[Mengelberg en César Franck]
Er gingen zooveel jaren voorbij sinds Mengelberg de symphonie van César Franck dirigeerde, dat men niet de volmaakte reproductie verwachtte, welke wij van Mengelberg's verschillende plaatsvervangers in die vele jaren (zooals Evert Cornelis, Gustave Doret) gewoon werden. En ik vermoed, dat Mengelberg nog eenigen tijd zal mogen mediteeren over deze door hem verwaarloosde symphonie (welke met zijn temperament en voorkeur tot lyrische en heroïsche panache overigens uitstekend harmonieert), vóór hij, behalve de verblindende en meesleepende hoogtepunten, óók de strakheid van lijn en óók de phantastische veelheid van stemmingen (de kleuren nog daargelaten) zal weergeven, welke Evert Cornelis met mindere inspanning en betere tempo's daarin dikwijls vertolkt heeft. De tooverachtige veelzijdigheid van het werk, eene Nôtre-Dame in klanken, groot, chevaleresk, grillig, populair en mystiek, schijnt Mengelberg niet te zijn bewust geworden. Ook in een technisch opzicht heeft de vertolking mij niet voldaan. Het koper stond sterk onder den invloed van Mahler's Achtste en ik had het gaarne lyrischer, zilveriger en orgelachtiger gewenscht. De houtblazers daarentegen hoorde men zelden streelender of in een schemerender en dieper gloeiend grijs, welk grijs trouwens tot de geniaalste behoort van Franck's inventies. Bij geen enkelen anderen meester vindt men dit, zóó kostbaar, zóó huiveringwekkend zonnig.
De twee fragmenten uit Psyché lukten beter en waren betooverend van teerheid. Ik hoor Mengelberg honderdmaal liever zulke brooze, zwevende, haast visionnair gefluisterde melodieën declameeren met het onvergelijkelijk zangerig teekenachtig gebaar, dat hij dan heeft (een gebaar, dat evenveel waard is als de melodie), dan vierkante rythmen slaan; en moge zijn demon hem overhalen om zich vooral toe te leggen op de eerste, waarin hij goddelijk is.

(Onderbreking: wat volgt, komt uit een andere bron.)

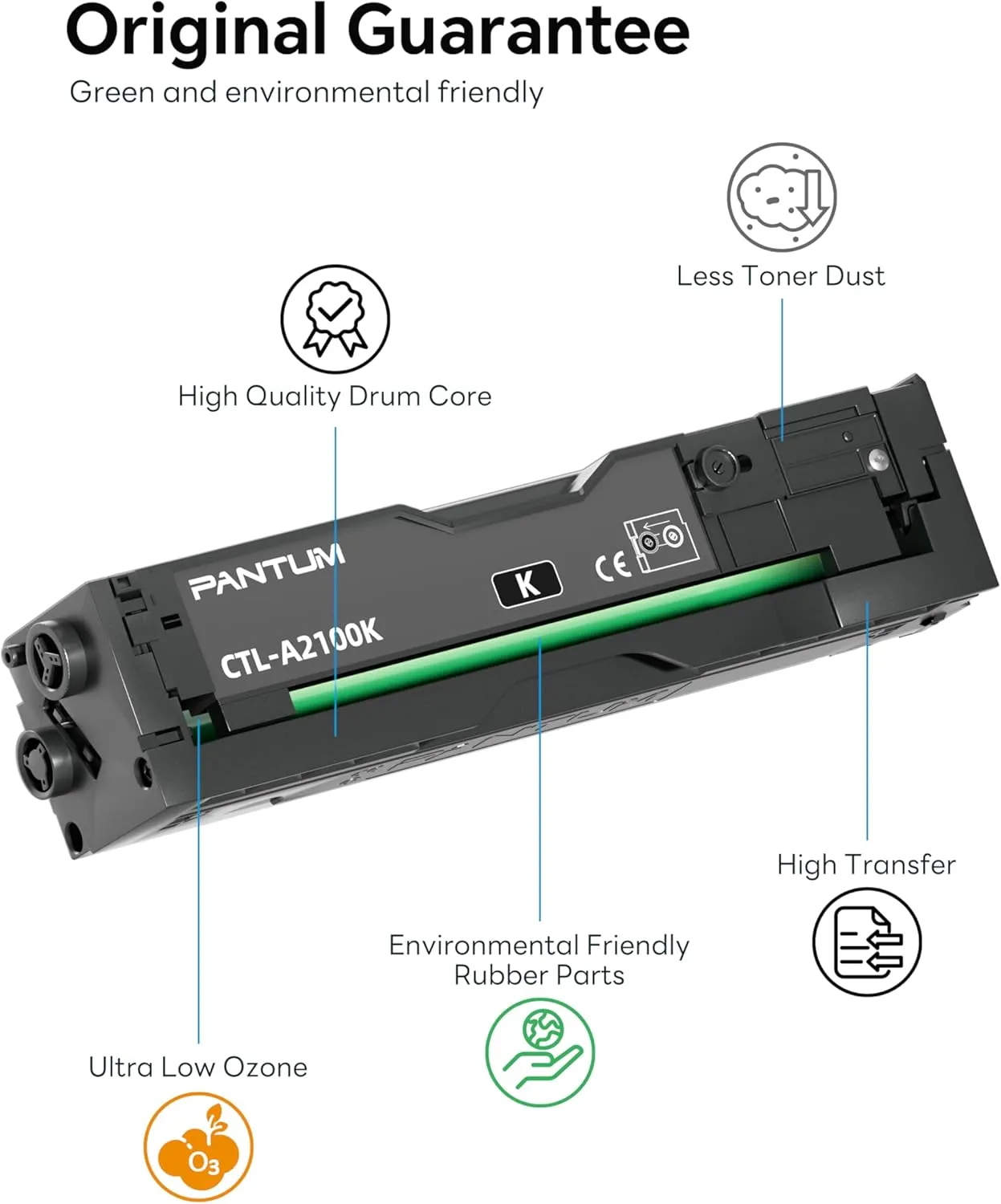 Toner Pantum Ctl-A2100K Nero 1000 Per Cm2100Adw 1000Pg Toner+Drum - immagine 1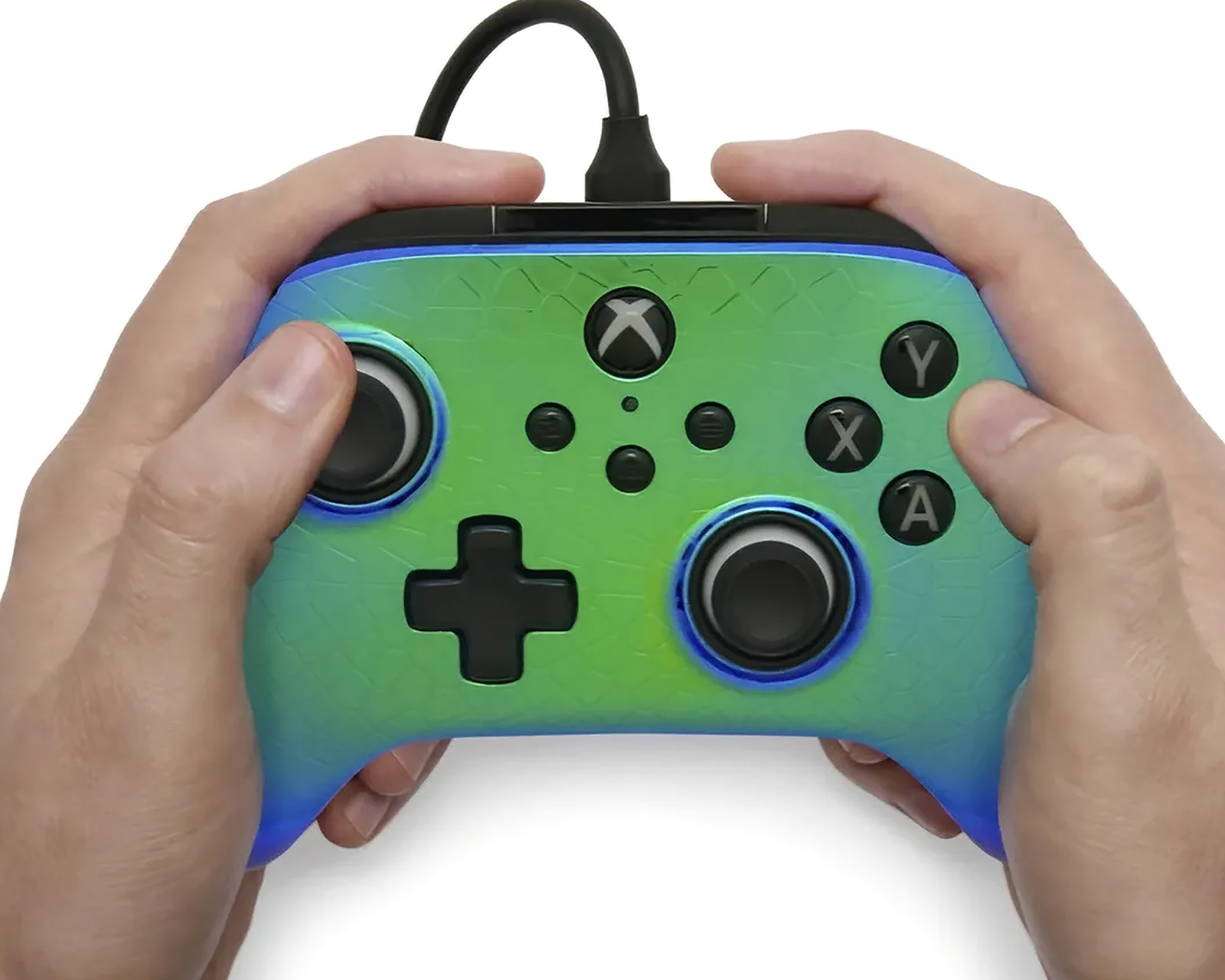 Foto 5 | Foto 5 | Control Alámbrico para Xbox Series S-X y PC Power A Artic Camo Azul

Wij hebben hem allen gedankt voor dit César Franck-programma, een hulde aan den Fransch-Belgischen meester. Dat Willem Andriessen de ‘Variations symphoniques’ speelde naast Mengelberg was eene vergissing. Andriessen heeft nog te weinig karakter om niet door de persoonlijkheid van Mengelberg volmaakt verpletterd te worden.